The previous description of the disclosed embodiments is provided to enable any person skilled in the art to make or use the present invention. Various modifications to these embodiments will be readily apparent to those skilled in the art, and the generic principles defined herein may be applied to other embodiments without departing from the spirit or scope of the invention. Thus, the present invention is not intended to be limited to the embodiments shown herein but is to be accorded the widest scope consistent with the principles and novel features disclosed herein.

Claims

1. A spam filtering method is characterized by comprising the following steps:

reading the mail content;

judging whether the mail content contains a picture or not;

if yes, marking the mail as a junk mail, and interrupting the operation;

if not, the mail is marked as normal mail.

2. The spam filtering method of claim 1, further comprising, prior to said reading mail content:

reading a mail title;

performing text classification on the titles to form a title phrase;

if yes, marking the mail as a junk mail, and interrupting the operation;

if not, the next step is carried out.

3. The spam filtering method according to claim 1, wherein if it is included, the email is marked as spam, and the interrupting operation is specifically:

if yes, adding one to the record value of the sending mailbox;

and marking the mail as junk mail and interrupting the operation.

4. The spam filtering method according to claim 3, further comprising, before said reading the title and content of the mail:

reading the mail sending mailbox of the mail;

if the judgment result is negative, the next step is carried out.

5. The spam filtering method according to claim 1, wherein if it is included, the email is marked as spam, and the interrupting operation is specifically:

if yes, acquiring the occurrence times of the sensitive phrases;

if the judgment result is negative, the next step is carried out.
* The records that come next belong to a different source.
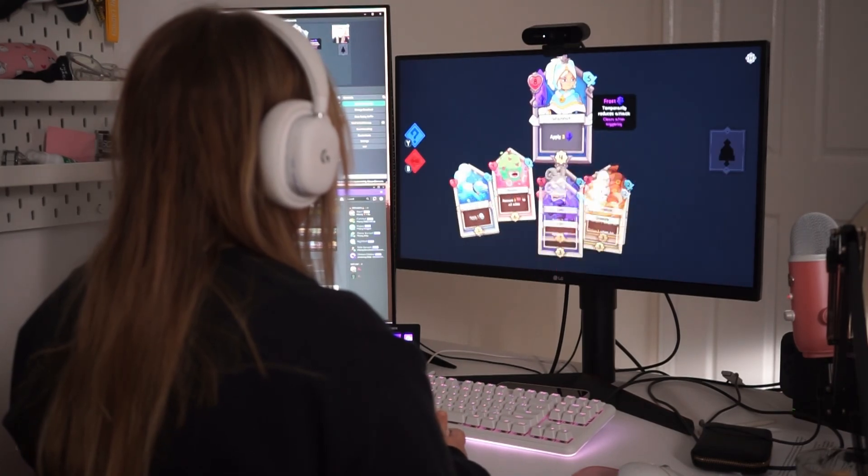Streaming from your Nintendo Switch to your PC is easy once you know how, so today I'm going to break down everything you need to know about connecting your Nintendo Switch to your PC so that you're able to stream. If you like today's tutorial, make sure to like and subscribe so you can keep coming back for more helpful content.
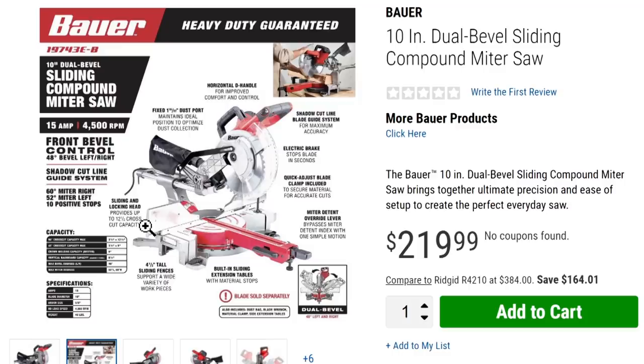A horizontal D-handle — yeah, that's nice, most of them have that these days. Electric blade stop — that's great, knowing the blade is going to stop moving within a second or so of letting off the power; that's a great safety feature. Quick adjust blade clamp included — that's your hold-down for your material. Miter detent override lever so you can easily slide it back and forth. Built-in sliding extension tables with material stops — I like that.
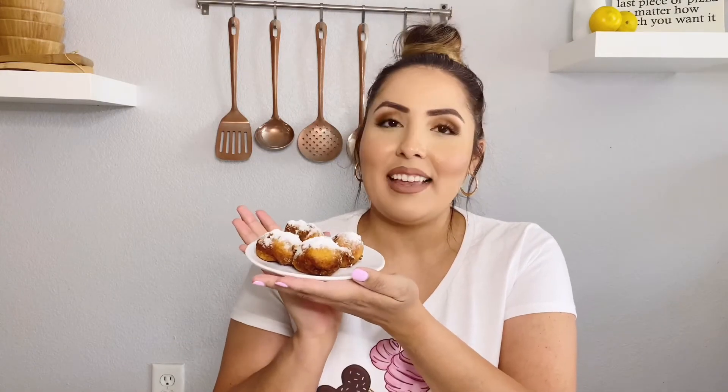I wanted to do the treats one at a time because I'm making them as I go and I don't want to taste them when they're not fresh. As I make one and it's ready, I'll test it out for you guys. Sorry about the echo — I am recording in my kitchen so it's going to sound a little echoey. But I have the first treat ready and it is my homemade beignets. This is what they look like. They smell really, really good — my whole house smells like funnel cake. I'm really excited to try these.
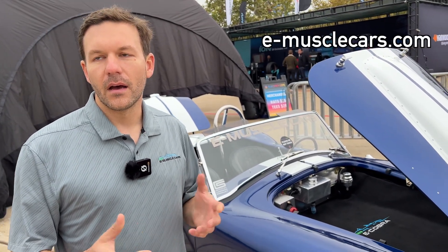You can find us at www.e-musclecars.com, email us at info@e-musclecars.com, or come see us in Dallas, Texas.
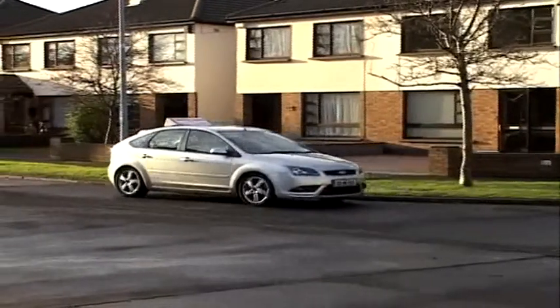Keep looking, keep the curb in view, and keep straight with the curb. Finish up within half a meter of the curb when the examiner tells you to stop.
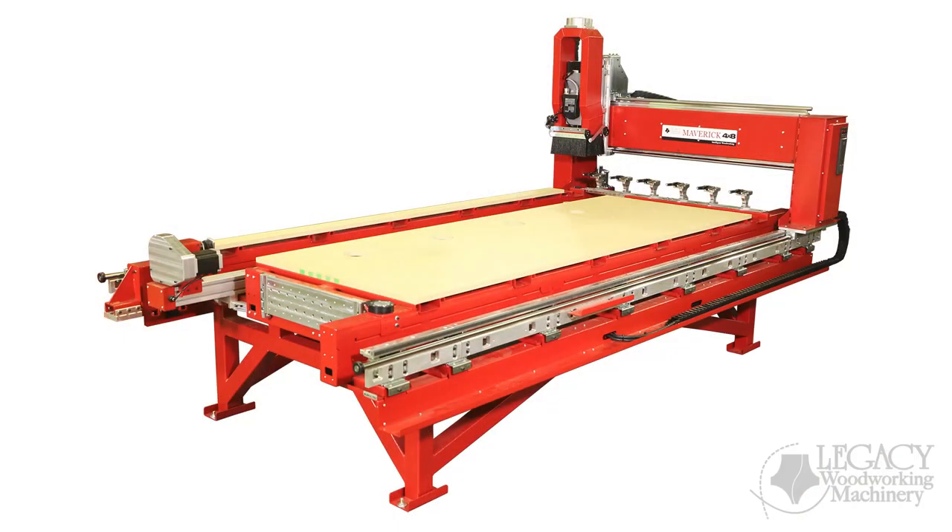Since the release of Legacy's Maverick 4x8 CNC system, the Legacy team has received many requests by furniture makers and cabinet makers to offer a larger CNC platform. These businesses needed to solve six problems.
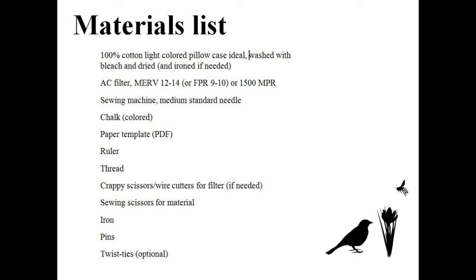Five: I will post links to the template, measurements, materials list, and bibliography of references with the video. And one last point — I hope that the quilters and sewers of the world will take this as a starting point and make the mask design even better.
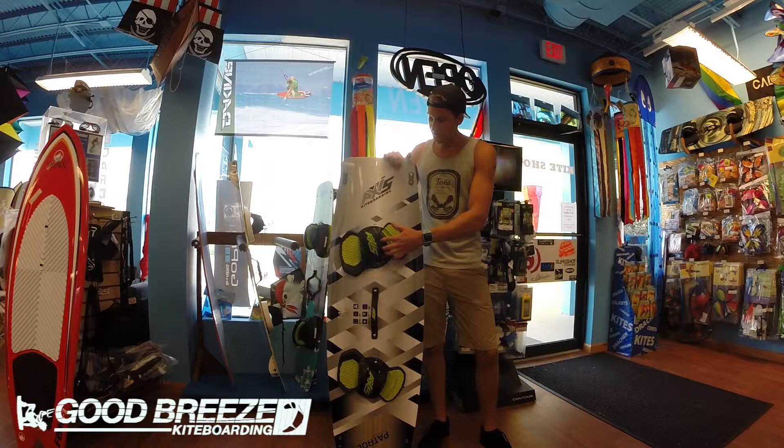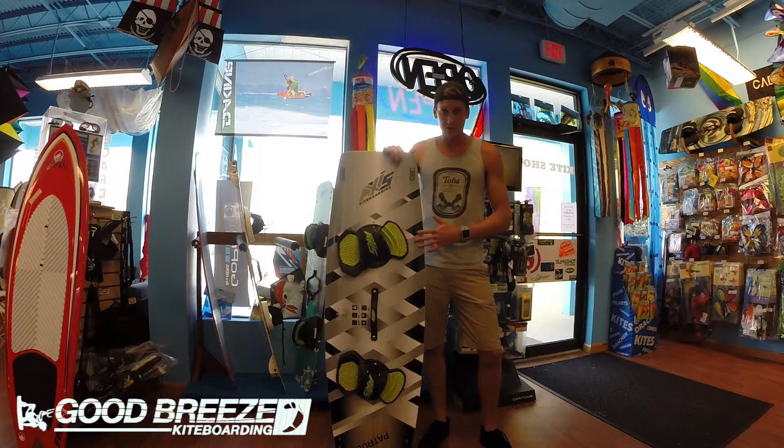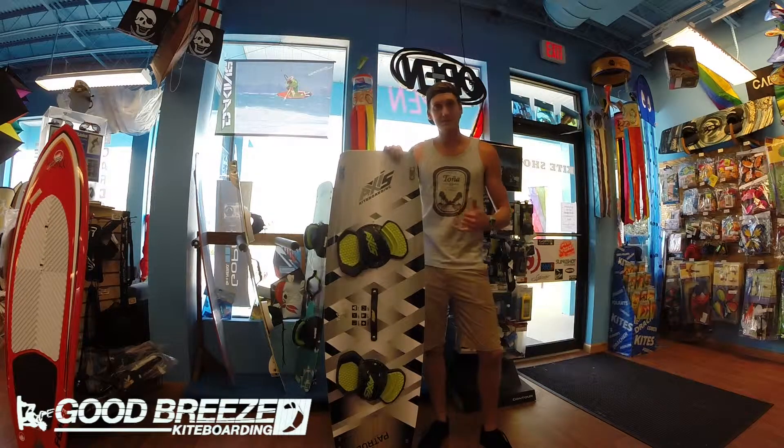They're obviously adjustable at a couple different points and they really stick to your feet out there, so be sure to check this one out on our site. We have it by itself complete with the pads and handle, and we also have it accompanying some package deals with different kites, so be sure to look for those. Until next time, keep shredding.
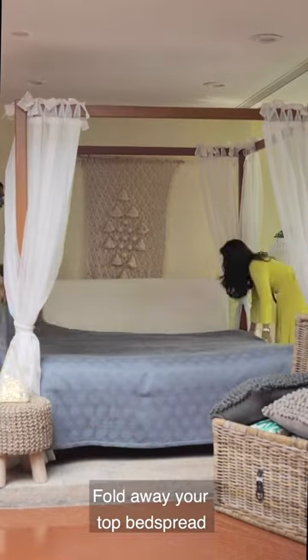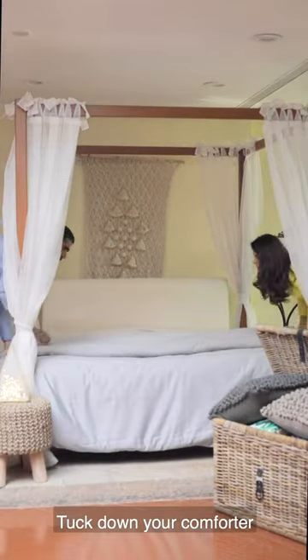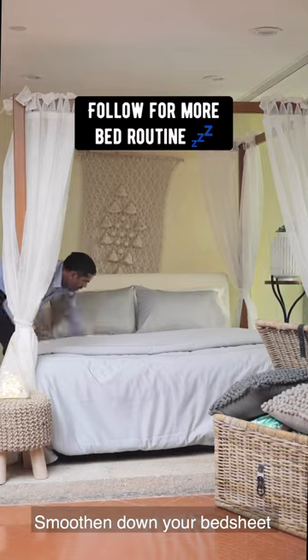For your turn-down routine and night bed setup, store away all your cushions, store away the bedspread, untuck your comforter and fold down the top half. Don't forget to add your pillowcases on your sleeping pillows, smoothen down your bedsheet to make it nice and crisp, and that's it.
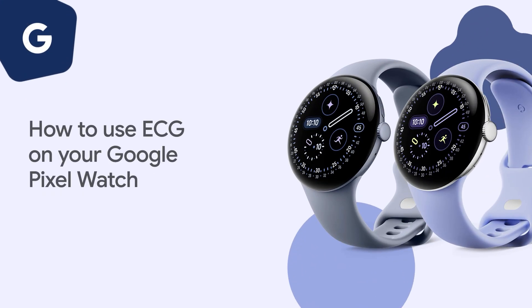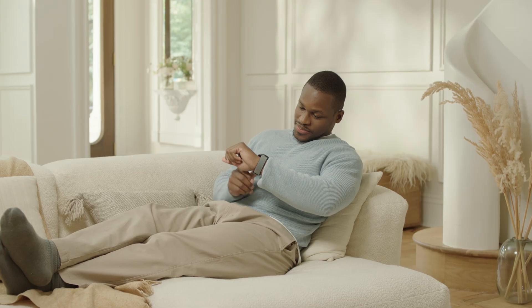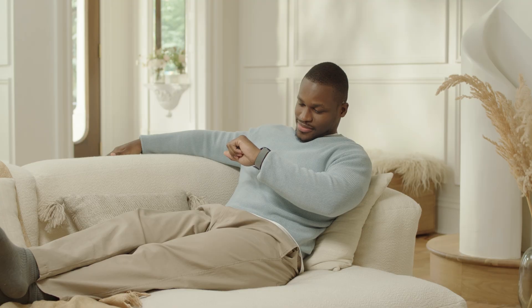How to use ECG on your Google Pixel Watch. When you use the ECG electrocardiogram app on your Google Pixel Watch, you can assess your heart rhythm for atrial fibrillation and then share your results with your doctor.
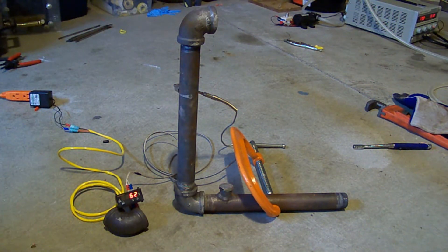Hey YouTube, I want to show you a very simple experiment to show how much heat potential there is coming from HHO and a potential way that you could use it for heat.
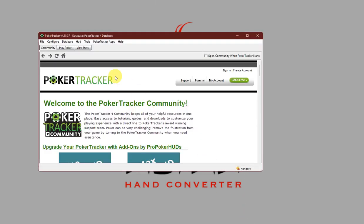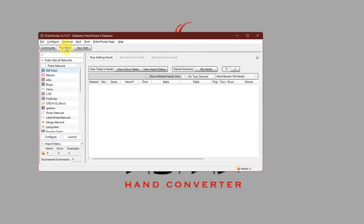Lastly, from PokerTracker 4, click on Play Poker, and this should be — click Get Hands While Playing. So, just click Get Hands While Playing, and that's it.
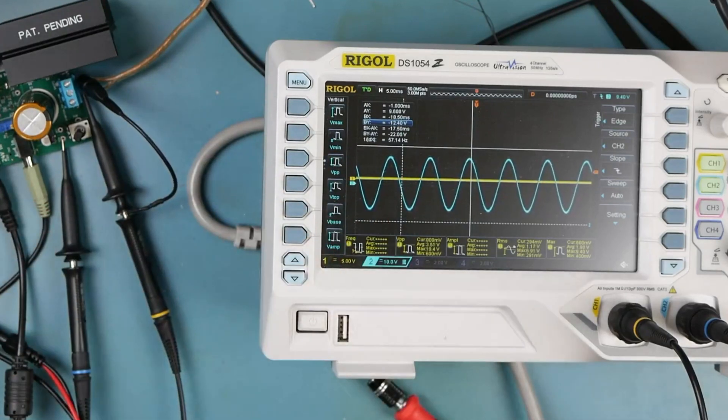I'm like shaking. This is so cool. Love it. Discrete Class AB amplifier. Decent signal quality. Basically first pass success. This is cool.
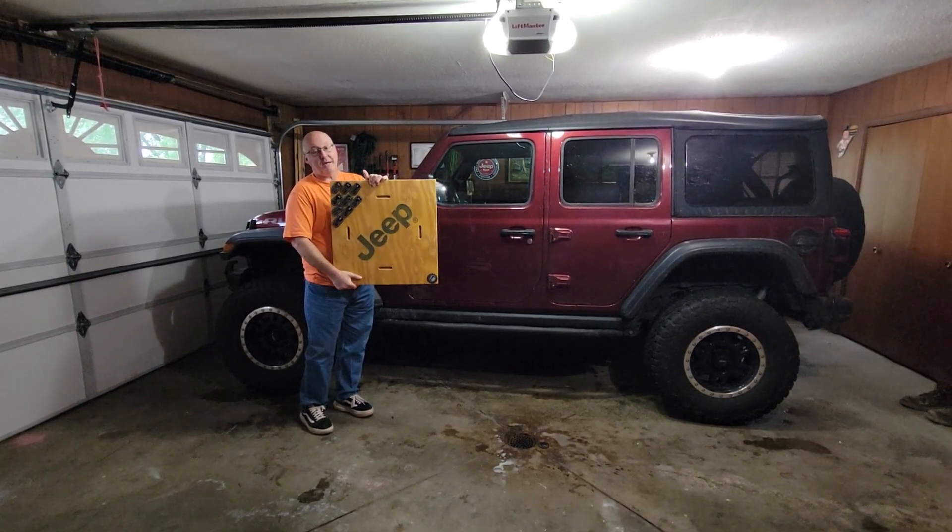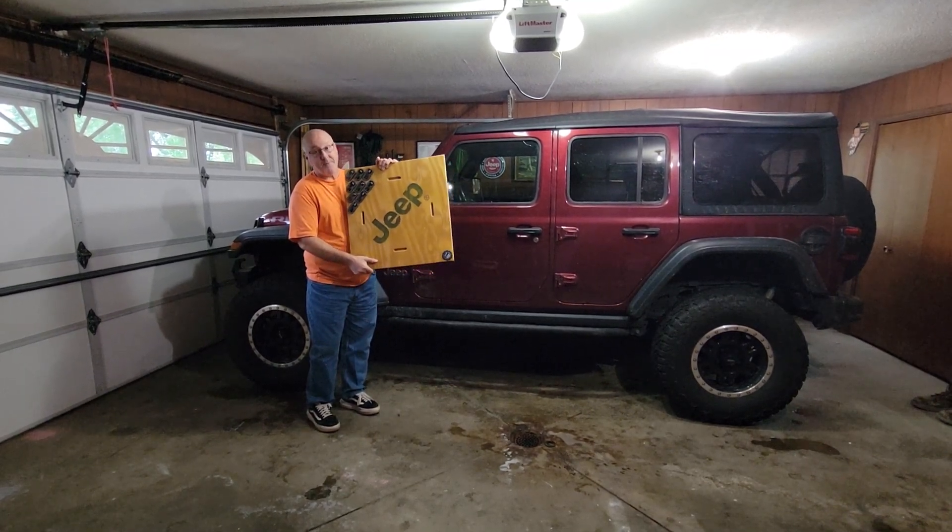You folks tell me what you think out there. I think it's looking pretty cool. See you out there on the trails.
6. The spam filtering method according to claim 1, further comprising, before the reading of the title and content of the mail:

if the judgment result is negative, the local filtering rule is obtained;

and reading the local filtering rule.

7. A spam filtering device, comprising:

the mail reading module is used for reading mail contents;

8. The spam filtering device of claim 7,

the reading module is also used for reading the mail title;

9. A spam filtering system comprising a spam filtering device according to any of claims 7 to 8, further comprising a server for updating the filtering rules.

10. A storage medium storing a computer program, wherein the computer program, when executed, implements the spam filtering method of any of claims 1-6.